Data below Block Start
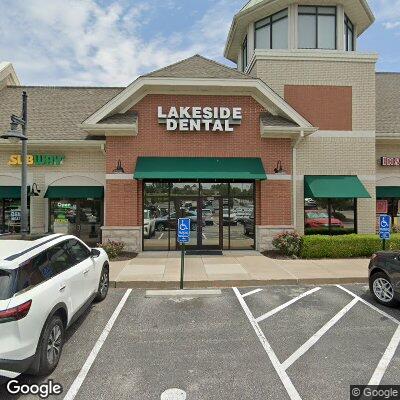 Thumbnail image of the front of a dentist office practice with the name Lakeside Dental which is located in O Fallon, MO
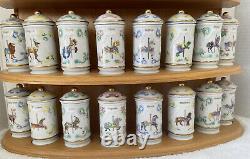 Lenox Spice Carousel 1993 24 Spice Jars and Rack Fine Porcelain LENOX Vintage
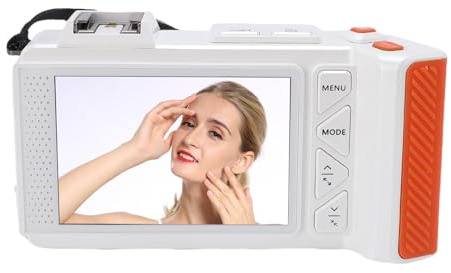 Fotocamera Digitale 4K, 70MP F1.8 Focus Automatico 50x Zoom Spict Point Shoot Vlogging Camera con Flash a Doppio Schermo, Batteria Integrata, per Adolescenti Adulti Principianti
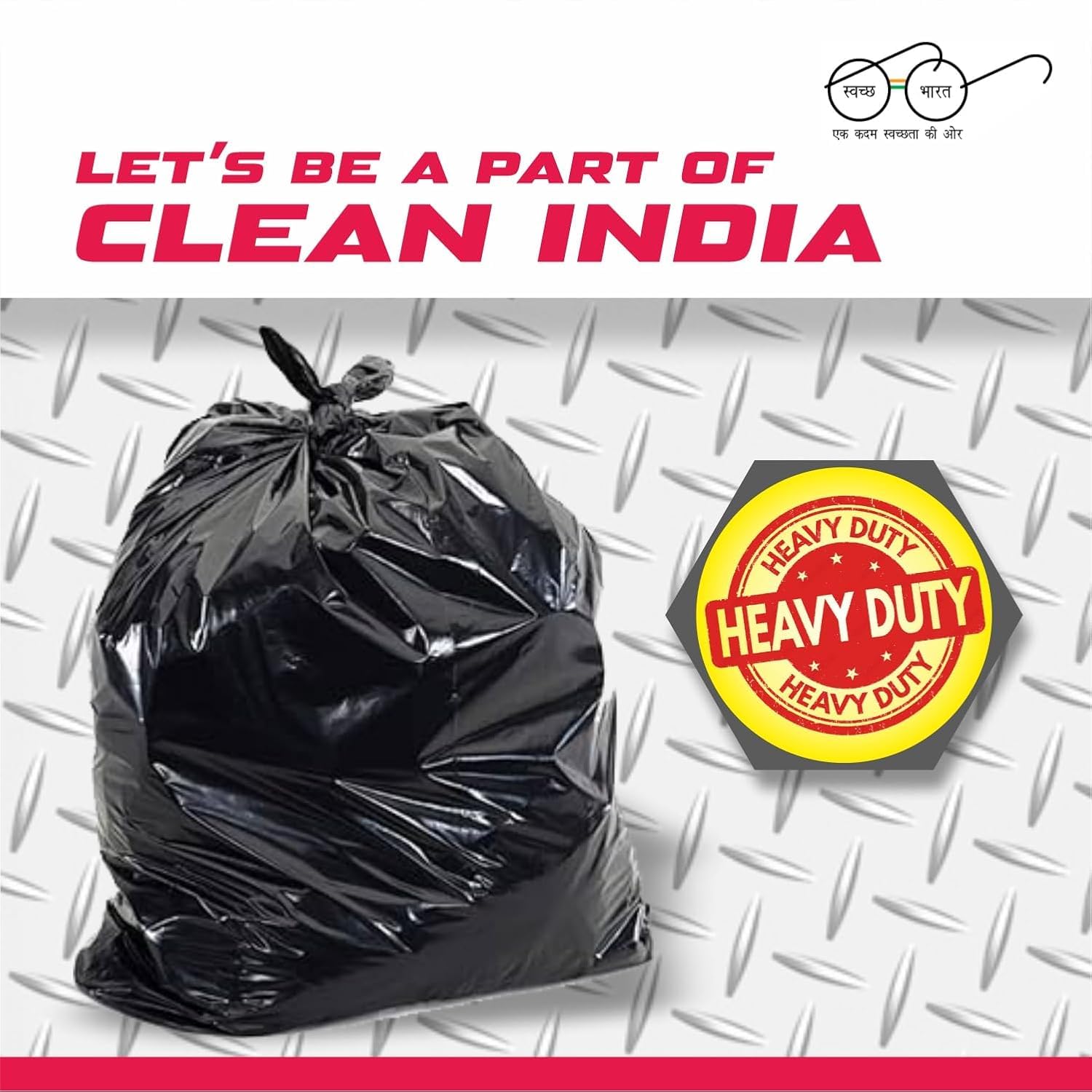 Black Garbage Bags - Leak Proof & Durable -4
Data below Block End
■ Work required:
Go through the material above and print all of it exactly, except the pictures.

■ Response below:
 Thumbnail image of the front of a dentist office practice with the name Lakeside Dental which is located in O Fallon, MO
 Lenox Spice Carousel 1993 24 Spice Jars and Rack Fine Porcelain LENOX Vintage
 Fotocamera Digitale 4K, 70MP F1.8 Focus Automatico 50x Zoom Spict Point Shoot Vlogging Camera con Flash a Doppio Schermo, Batteria Integrata, per Adolescenti Adulti Principianti
 Black Garbage Bags - Leak Proof & Durable -4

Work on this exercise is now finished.